YOUR ASSIGNMENT
Nothing more is wanted than an exact repeat of the data below.

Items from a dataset
<<<<
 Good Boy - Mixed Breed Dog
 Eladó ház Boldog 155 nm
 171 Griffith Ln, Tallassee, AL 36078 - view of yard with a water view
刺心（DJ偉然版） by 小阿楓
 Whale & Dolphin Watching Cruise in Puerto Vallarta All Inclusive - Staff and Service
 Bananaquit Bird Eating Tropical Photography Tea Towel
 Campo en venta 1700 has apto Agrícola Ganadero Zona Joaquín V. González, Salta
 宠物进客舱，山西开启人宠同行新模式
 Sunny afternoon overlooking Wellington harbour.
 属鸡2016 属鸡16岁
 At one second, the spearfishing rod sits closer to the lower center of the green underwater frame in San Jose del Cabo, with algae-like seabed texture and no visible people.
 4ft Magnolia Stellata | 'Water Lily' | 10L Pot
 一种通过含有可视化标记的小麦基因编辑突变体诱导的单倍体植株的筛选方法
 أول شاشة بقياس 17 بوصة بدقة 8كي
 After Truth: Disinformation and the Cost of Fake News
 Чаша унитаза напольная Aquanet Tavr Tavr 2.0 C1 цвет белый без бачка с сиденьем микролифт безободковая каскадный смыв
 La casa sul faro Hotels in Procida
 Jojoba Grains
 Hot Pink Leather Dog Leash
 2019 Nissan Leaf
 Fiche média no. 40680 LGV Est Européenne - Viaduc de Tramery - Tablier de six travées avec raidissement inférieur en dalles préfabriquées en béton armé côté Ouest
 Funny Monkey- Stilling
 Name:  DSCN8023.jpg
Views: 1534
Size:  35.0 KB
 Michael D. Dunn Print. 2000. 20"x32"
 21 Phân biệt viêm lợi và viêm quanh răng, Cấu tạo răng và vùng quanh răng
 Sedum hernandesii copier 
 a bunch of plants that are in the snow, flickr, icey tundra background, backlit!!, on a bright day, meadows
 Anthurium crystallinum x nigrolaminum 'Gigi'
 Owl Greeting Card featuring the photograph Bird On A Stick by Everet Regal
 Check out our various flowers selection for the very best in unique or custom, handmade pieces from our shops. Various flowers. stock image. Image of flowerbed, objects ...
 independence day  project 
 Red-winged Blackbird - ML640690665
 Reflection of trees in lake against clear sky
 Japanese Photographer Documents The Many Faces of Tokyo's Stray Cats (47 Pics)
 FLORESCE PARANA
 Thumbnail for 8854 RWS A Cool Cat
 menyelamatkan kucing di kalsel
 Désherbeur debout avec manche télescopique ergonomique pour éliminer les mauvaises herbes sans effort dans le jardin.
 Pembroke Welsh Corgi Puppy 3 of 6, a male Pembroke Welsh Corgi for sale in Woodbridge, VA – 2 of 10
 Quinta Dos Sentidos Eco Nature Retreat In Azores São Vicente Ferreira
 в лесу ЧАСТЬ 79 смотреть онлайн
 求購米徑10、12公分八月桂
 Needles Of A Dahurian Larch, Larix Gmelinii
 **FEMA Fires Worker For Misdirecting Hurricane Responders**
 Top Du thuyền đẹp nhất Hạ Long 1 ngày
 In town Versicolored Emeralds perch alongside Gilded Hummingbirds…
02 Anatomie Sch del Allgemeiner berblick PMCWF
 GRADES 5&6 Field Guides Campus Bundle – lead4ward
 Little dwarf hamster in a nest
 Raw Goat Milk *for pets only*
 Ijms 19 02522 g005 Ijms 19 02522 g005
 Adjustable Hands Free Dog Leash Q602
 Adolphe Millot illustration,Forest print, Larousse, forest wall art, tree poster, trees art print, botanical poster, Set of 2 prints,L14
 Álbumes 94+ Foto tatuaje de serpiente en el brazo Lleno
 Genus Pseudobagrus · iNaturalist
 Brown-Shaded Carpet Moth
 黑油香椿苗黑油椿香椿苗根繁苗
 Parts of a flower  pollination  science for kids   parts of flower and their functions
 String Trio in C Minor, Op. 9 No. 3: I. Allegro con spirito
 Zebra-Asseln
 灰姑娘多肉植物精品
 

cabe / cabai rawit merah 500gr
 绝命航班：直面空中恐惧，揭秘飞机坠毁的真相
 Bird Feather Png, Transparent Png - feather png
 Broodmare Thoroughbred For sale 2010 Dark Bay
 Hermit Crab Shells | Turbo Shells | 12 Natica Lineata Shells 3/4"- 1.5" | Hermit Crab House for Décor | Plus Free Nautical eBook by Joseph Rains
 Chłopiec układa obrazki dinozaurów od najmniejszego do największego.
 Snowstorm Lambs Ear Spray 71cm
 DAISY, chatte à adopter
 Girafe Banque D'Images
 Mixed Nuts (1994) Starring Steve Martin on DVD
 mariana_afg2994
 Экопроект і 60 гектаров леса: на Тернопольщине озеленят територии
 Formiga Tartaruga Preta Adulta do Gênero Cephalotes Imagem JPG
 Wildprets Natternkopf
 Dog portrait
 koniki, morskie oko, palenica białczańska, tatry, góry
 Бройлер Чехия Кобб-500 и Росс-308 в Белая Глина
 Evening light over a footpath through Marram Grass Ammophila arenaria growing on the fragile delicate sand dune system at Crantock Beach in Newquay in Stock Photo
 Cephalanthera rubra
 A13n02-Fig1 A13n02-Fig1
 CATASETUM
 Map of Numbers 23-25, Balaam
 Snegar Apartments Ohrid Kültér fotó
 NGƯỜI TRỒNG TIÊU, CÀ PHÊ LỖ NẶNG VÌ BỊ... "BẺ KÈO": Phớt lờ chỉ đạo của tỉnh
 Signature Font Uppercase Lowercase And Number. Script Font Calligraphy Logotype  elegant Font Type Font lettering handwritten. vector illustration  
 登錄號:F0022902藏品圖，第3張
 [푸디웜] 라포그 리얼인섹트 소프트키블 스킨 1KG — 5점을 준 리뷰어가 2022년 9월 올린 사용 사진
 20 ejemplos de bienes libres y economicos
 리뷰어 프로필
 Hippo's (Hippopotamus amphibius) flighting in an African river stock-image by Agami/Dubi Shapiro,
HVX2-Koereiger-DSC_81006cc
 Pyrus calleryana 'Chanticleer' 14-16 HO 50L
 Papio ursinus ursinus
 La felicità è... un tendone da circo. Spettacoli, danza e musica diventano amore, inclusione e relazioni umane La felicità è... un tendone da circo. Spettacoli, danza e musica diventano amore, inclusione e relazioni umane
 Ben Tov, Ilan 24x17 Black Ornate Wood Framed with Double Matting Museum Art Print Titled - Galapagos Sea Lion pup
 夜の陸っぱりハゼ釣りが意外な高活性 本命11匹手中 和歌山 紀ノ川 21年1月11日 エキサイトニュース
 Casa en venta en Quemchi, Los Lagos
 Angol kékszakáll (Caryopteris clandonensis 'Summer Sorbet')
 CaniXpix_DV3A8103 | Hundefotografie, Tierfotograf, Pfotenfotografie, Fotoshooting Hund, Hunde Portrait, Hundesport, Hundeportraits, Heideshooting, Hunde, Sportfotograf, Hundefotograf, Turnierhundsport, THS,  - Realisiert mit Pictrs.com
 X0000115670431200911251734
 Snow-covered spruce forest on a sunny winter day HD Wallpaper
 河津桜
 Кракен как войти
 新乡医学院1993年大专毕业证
>>>>
SOLUTION TO THE PROBLEM
 Good Boy - Mixed Breed Dog
 Eladó ház Boldog 155 nm
 171 Griffith Ln, Tallassee, AL 36078 - view of yard with a water view
刺心（DJ偉然版） by 小阿楓
 Whale & Dolphin Watching Cruise in Puerto Vallarta All Inclusive - Staff and Service
 Bananaquit Bird Eating Tropical Photography Tea Towel
 Campo en venta 1700 has apto Agrícola Ganadero Zona Joaquín V. González, Salta
 宠物进客舱，山西开启人宠同行新模式
 Sunny afternoon overlooking Wellington harbour.
 属鸡2016 属鸡16岁
 At one second, the spearfishing rod sits closer to the lower center of the green underwater frame in San Jose del Cabo, with algae-like seabed texture and no visible people.
 4ft Magnolia Stellata | 'Water Lily' | 10L Pot
 一种通过含有可视化标记的小麦基因编辑突变体诱导的单倍体植株的筛选方法
 أول شاشة بقياس 17 بوصة بدقة 8كي
 After Truth: Disinformation and the Cost of Fake News
 Чаша унитаза напольная Aquanet Tavr Tavr 2.0 C1 цвет белый без бачка с сиденьем микролифт безободковая каскадный смыв
 La casa sul faro Hotels in Procida
 Jojoba Grains
 Hot Pink Leather Dog Leash
 2019 Nissan Leaf
 Fiche média no. 40680 LGV Est Européenne - Viaduc de Tramery - Tablier de six travées avec raidissement inférieur en dalles préfabriquées en béton armé côté Ouest
 Funny Monkey- Stilling
 Name:  DSCN8023.jpg
Views: 1534
Size:  35.0 KB
 Michael D. Dunn Print. 2000. 20"x32"
 21 Phân biệt viêm lợi và viêm quanh răng, Cấu tạo răng và vùng quanh răng
 Sedum hernandesii copier 
 a bunch of plants that are in the snow, flickr, icey tundra background, backlit!!, on a bright day, meadows
 Anthurium crystallinum x nigrolaminum 'Gigi'
 Owl Greeting Card featuring the photograph Bird On A Stick by Everet Regal
 Check out our various flowers selection for the very best in unique or custom, handmade pieces from our shops. Various flowers. stock image. Image of flowerbed, objects ...
 independence day  project 
 Red-winged Blackbird - ML640690665
 Reflection of trees in lake against clear sky
 Japanese Photographer Documents The Many Faces of Tokyo's Stray Cats (47 Pics)
 FLORESCE PARANA
 Thumbnail for 8854 RWS A Cool Cat
 menyelamatkan kucing di kalsel
 Désherbeur debout avec manche télescopique ergonomique pour éliminer les mauvaises herbes sans effort dans le jardin.
 Pembroke Welsh Corgi Puppy 3 of 6, a male Pembroke Welsh Corgi for sale in Woodbridge, VA – 2 of 10
 Quinta Dos Sentidos Eco Nature Retreat In Azores São Vicente Ferreira
 в лесу ЧАСТЬ 79 смотреть онлайн
 求購米徑10、12公分八月桂
 Needles Of A Dahurian Larch, Larix Gmelinii
 **FEMA Fires Worker For Misdirecting Hurricane Responders**
 Top Du thuyền đẹp nhất Hạ Long 1 ngày
 In town Versicolored Emeralds perch alongside Gilded Hummingbirds…
02 Anatomie Sch del Allgemeiner berblick PMCWF
 GRADES 5&6 Field Guides Campus Bundle – lead4ward
 Little dwarf hamster in a nest
 Raw Goat Milk *for pets only*
 Ijms 19 02522 g005 Ijms 19 02522 g005
 Adjustable Hands Free Dog Leash Q602
 Adolphe Millot illustration,Forest print, Larousse, forest wall art, tree poster, trees art print, botanical poster, Set of 2 prints,L14
 Álbumes 94+ Foto tatuaje de serpiente en el brazo Lleno
 Genus Pseudobagrus · iNaturalist
 Brown-Shaded Carpet Moth
 黑油香椿苗黑油椿香椿苗根繁苗
 Parts of a flower  pollination  science for kids   parts of flower and their functions
 String Trio in C Minor, Op. 9 No. 3: I. Allegro con spirito
 Zebra-Asseln
 灰姑娘多肉植物精品
 

cabe / cabai rawit merah 500gr
 绝命航班：直面空中恐惧，揭秘飞机坠毁的真相
 Bird Feather Png, Transparent Png - feather png
 Broodmare Thoroughbred For sale 2010 Dark Bay
 Hermit Crab Shells | Turbo Shells | 12 Natica Lineata Shells 3/4"- 1.5" | Hermit Crab House for Décor | Plus Free Nautical eBook by Joseph Rains
 Chłopiec układa obrazki dinozaurów od najmniejszego do największego.
 Snowstorm Lambs Ear Spray 71cm
 DAISY, chatte à adopter
 Girafe Banque D'Images
 Mixed Nuts (1994) Starring Steve Martin on DVD
 mariana_afg2994
 Экопроект і 60 гектаров леса: на Тернопольщине озеленят територии
 Formiga Tartaruga Preta Adulta do Gênero Cephalotes Imagem JPG
 Wildprets Natternkopf
 Dog portrait
 koniki, morskie oko, palenica białczańska, tatry, góry
 Бройлер Чехия Кобб-500 и Росс-308 в Белая Глина
 Evening light over a footpath through Marram Grass Ammophila arenaria growing on the fragile delicate sand dune system at Crantock Beach in Newquay in Stock Photo
 Cephalanthera rubra
 A13n02-Fig1 A13n02-Fig1
 CATASETUM
 Map of Numbers 23-25, Balaam
 Snegar Apartments Ohrid Kültér fotó
 NGƯỜI TRỒNG TIÊU, CÀ PHÊ LỖ NẶNG VÌ BỊ... "BẺ KÈO": Phớt lờ chỉ đạo của tỉnh
 Signature Font Uppercase Lowercase And Number. Script Font Calligraphy Logotype  elegant Font Type Font lettering handwritten. vector illustration  
 登錄號:F0022902藏品圖，第3張
 [푸디웜] 라포그 리얼인섹트 소프트키블 스킨 1KG — 5점을 준 리뷰어가 2022년 9월 올린 사용 사진
 20 ejemplos de bienes libres y economicos
 리뷰어 프로필
 Hippo's (Hippopotamus amphibius) flighting in an African river stock-image by Agami/Dubi Shapiro,
HVX2-Koereiger-DSC_81006cc
 Pyrus calleryana 'Chanticleer' 14-16 HO 50L
 Papio ursinus ursinus
 La felicità è... un tendone da circo. Spettacoli, danza e musica diventano amore, inclusione e relazioni umane La felicità è... un tendone da circo. Spettacoli, danza e musica diventano amore, inclusione e relazioni umane
 Ben Tov, Ilan 24x17 Black Ornate Wood Framed with Double Matting Museum Art Print Titled - Galapagos Sea Lion pup
 夜の陸っぱりハゼ釣りが意外な高活性 本命11匹手中 和歌山 紀ノ川 21年1月11日 エキサイトニュース
 Casa en venta en Quemchi, Los Lagos
 Angol kékszakáll (Caryopteris clandonensis 'Summer Sorbet')
 CaniXpix_DV3A8103 | Hundefotografie, Tierfotograf, Pfotenfotografie, Fotoshooting Hund, Hunde Portrait, Hundesport, Hundeportraits, Heideshooting, Hunde, Sportfotograf, Hundefotograf, Turnierhundsport, THS,  - Realisiert mit Pictrs.com
 X0000115670431200911251734
 Snow-covered spruce forest on a sunny winter day HD Wallpaper
 河津桜
 Кракен как войти
 新乡医学院1993年大专毕业证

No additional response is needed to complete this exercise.